Retype the data below exactly, skipping pictures.
=== Records provided ===
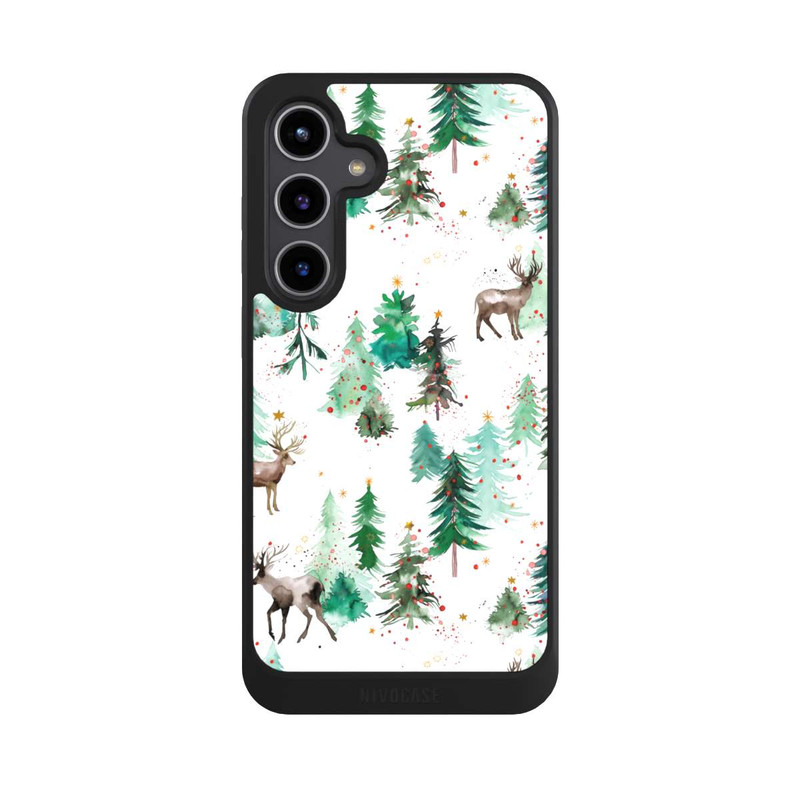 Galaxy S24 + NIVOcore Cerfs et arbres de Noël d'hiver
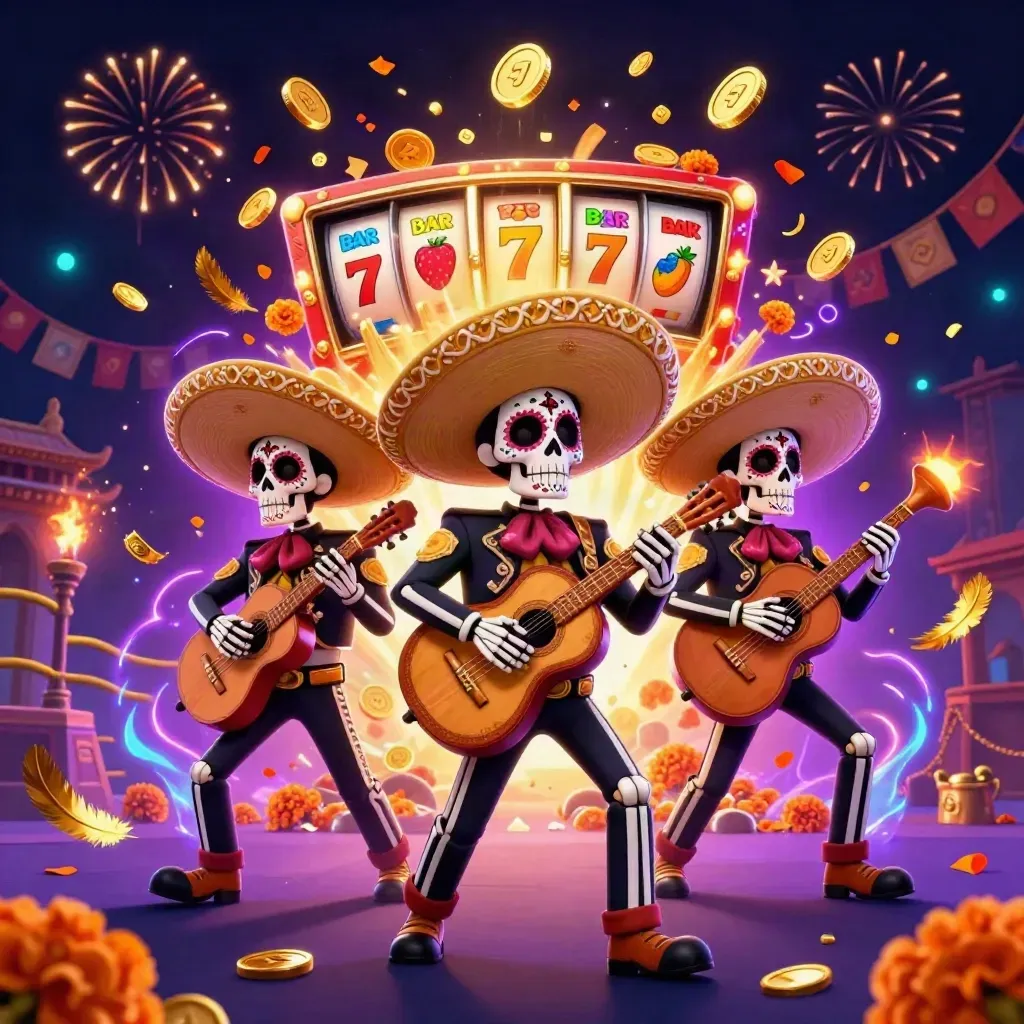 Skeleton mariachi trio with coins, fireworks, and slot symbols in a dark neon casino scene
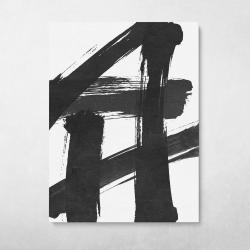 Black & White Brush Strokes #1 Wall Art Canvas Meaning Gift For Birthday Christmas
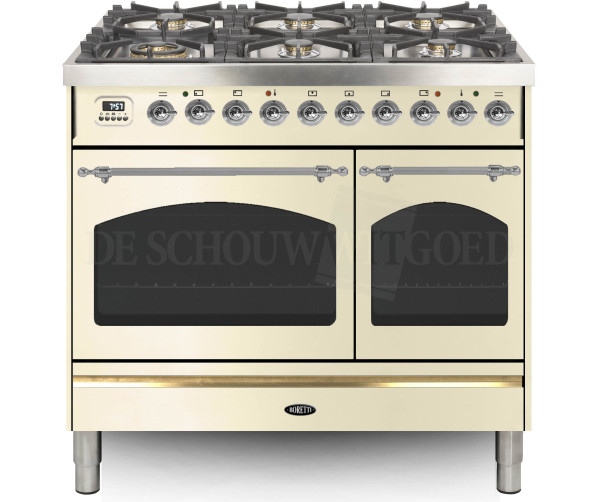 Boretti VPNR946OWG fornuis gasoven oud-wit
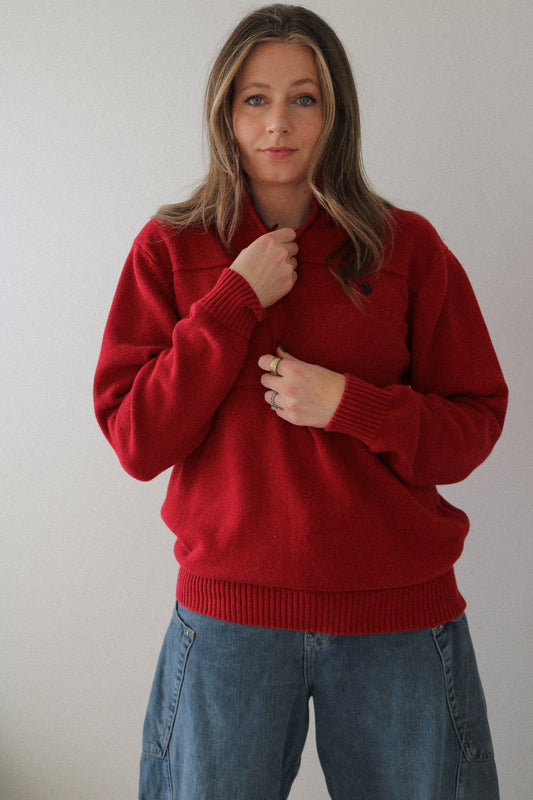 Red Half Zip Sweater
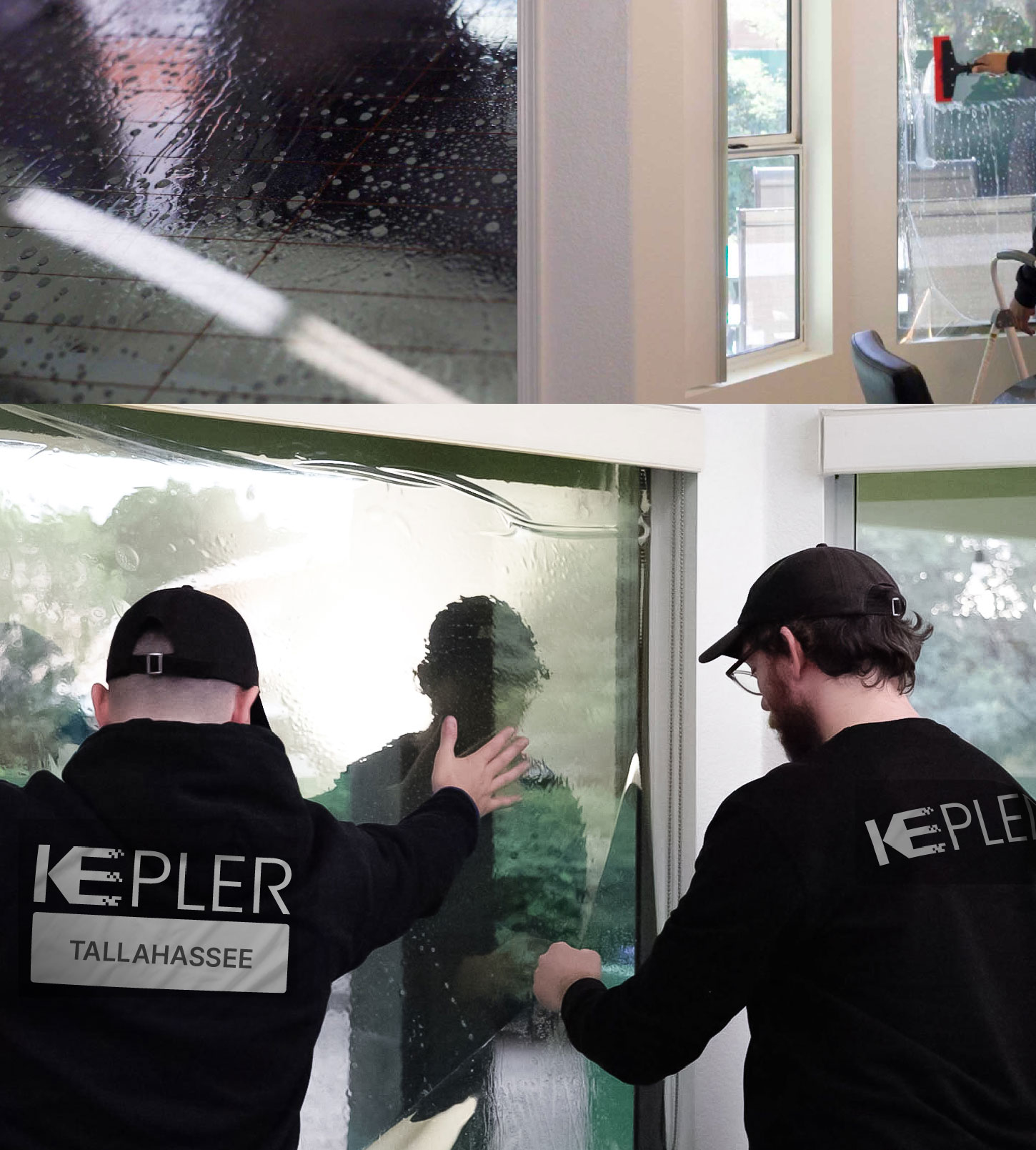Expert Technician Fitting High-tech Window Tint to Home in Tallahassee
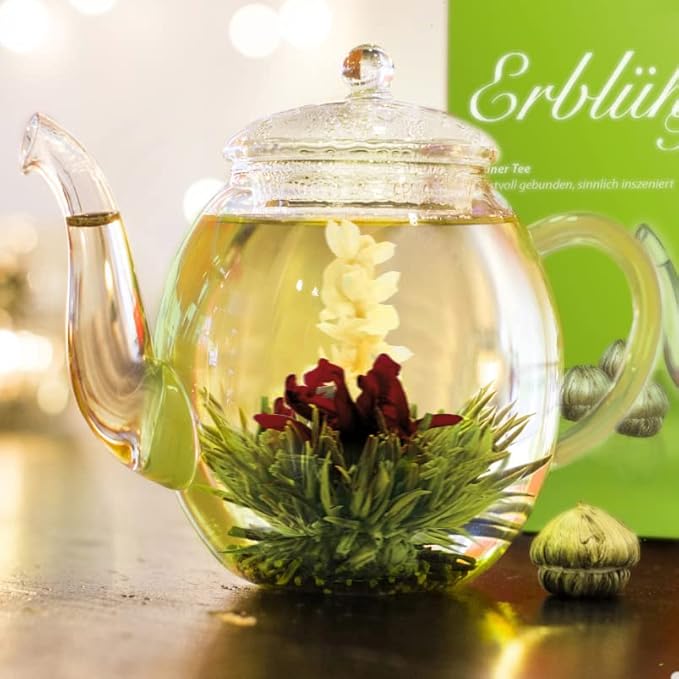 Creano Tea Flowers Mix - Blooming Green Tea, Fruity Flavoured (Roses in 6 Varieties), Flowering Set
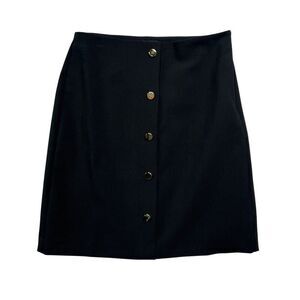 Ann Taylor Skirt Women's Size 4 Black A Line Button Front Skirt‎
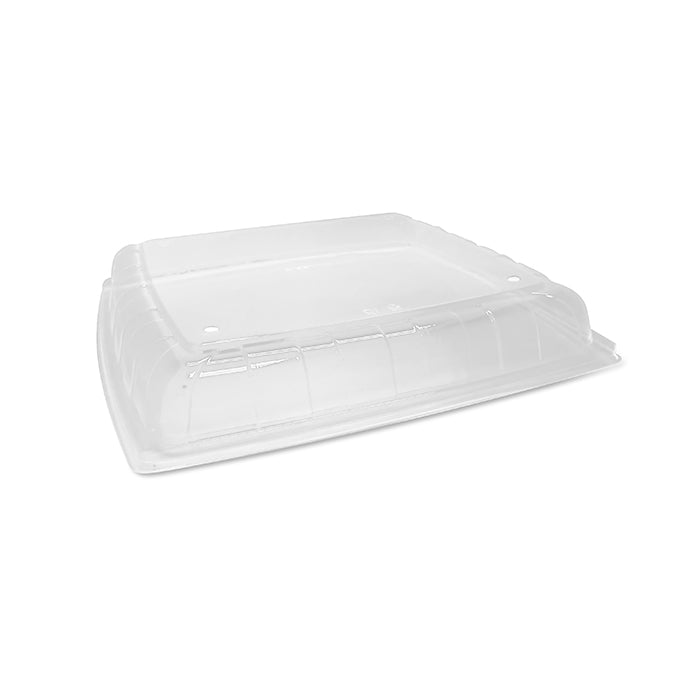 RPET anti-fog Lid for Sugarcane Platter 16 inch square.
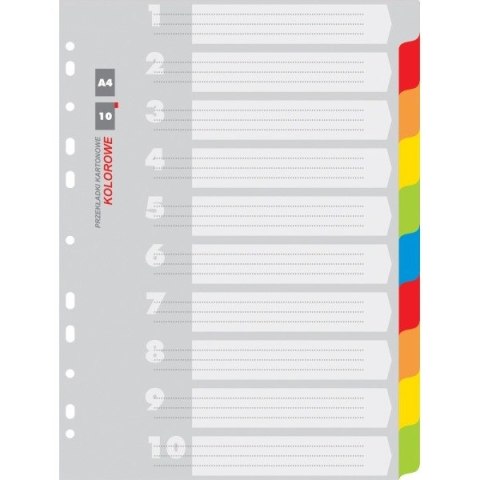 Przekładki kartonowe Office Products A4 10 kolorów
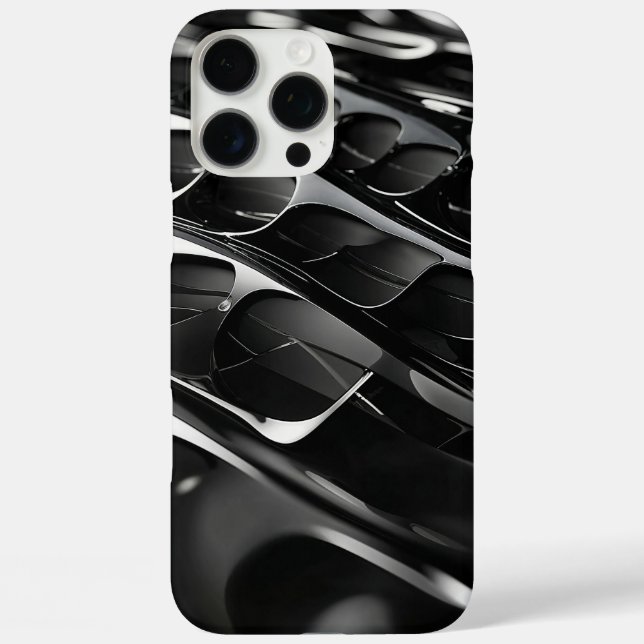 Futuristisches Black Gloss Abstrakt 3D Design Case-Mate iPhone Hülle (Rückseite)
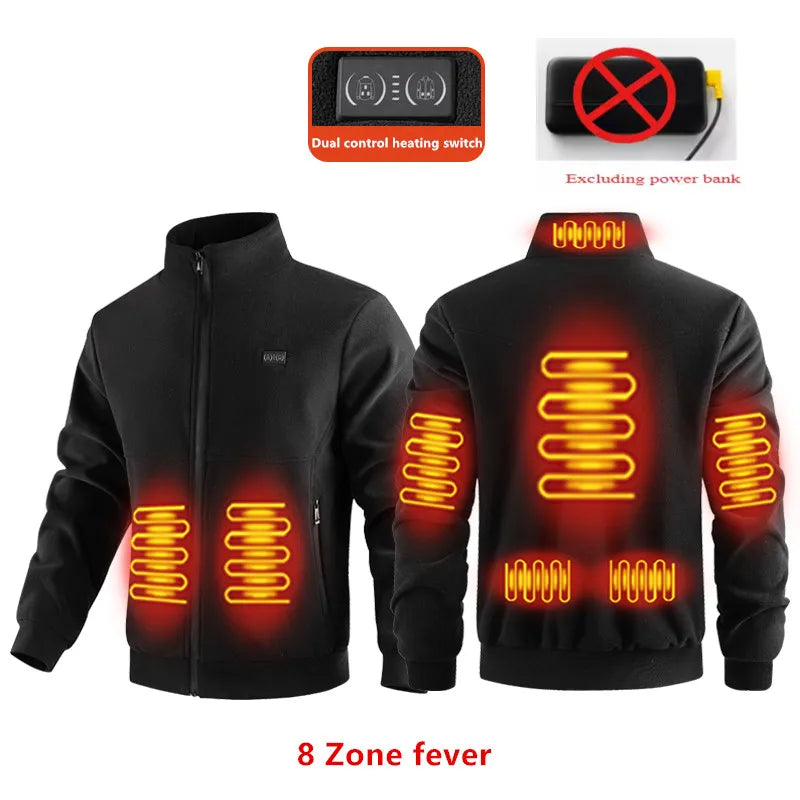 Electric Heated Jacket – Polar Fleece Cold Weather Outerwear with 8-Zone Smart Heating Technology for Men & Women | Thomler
===
**Response below:**
 Galaxy S24 + NIVOcore Cerfs et arbres de Noël d'hiver
 Skeleton mariachi trio with coins, fireworks, and slot symbols in a dark neon casino scene
 Black & White Brush Strokes #1 Wall Art Canvas Meaning Gift For Birthday Christmas
 Boretti VPNR946OWG fornuis gasoven oud-wit
 Red Half Zip Sweater
Expert Technician Fitting High-tech Window Tint to Home in Tallahassee
 Creano Tea Flowers Mix - Blooming Green Tea, Fruity Flavoured (Roses in 6 Varieties), Flowering Set
 Ann Taylor Skirt Women's Size 4 Black A Line Button Front Skirt‎
 RPET anti-fog Lid for Sugarcane Platter 16 inch square.
 Przekładki kartonowe Office Products A4 10 kolorów
 Futuristisches Black Gloss Abstrakt 3D Design Case-Mate iPhone Hülle (Rückseite)
 Electric Heated Jacket – Polar Fleece Cold Weather Outerwear with 8-Zone Smart Heating Technology for Men & Women | Thomler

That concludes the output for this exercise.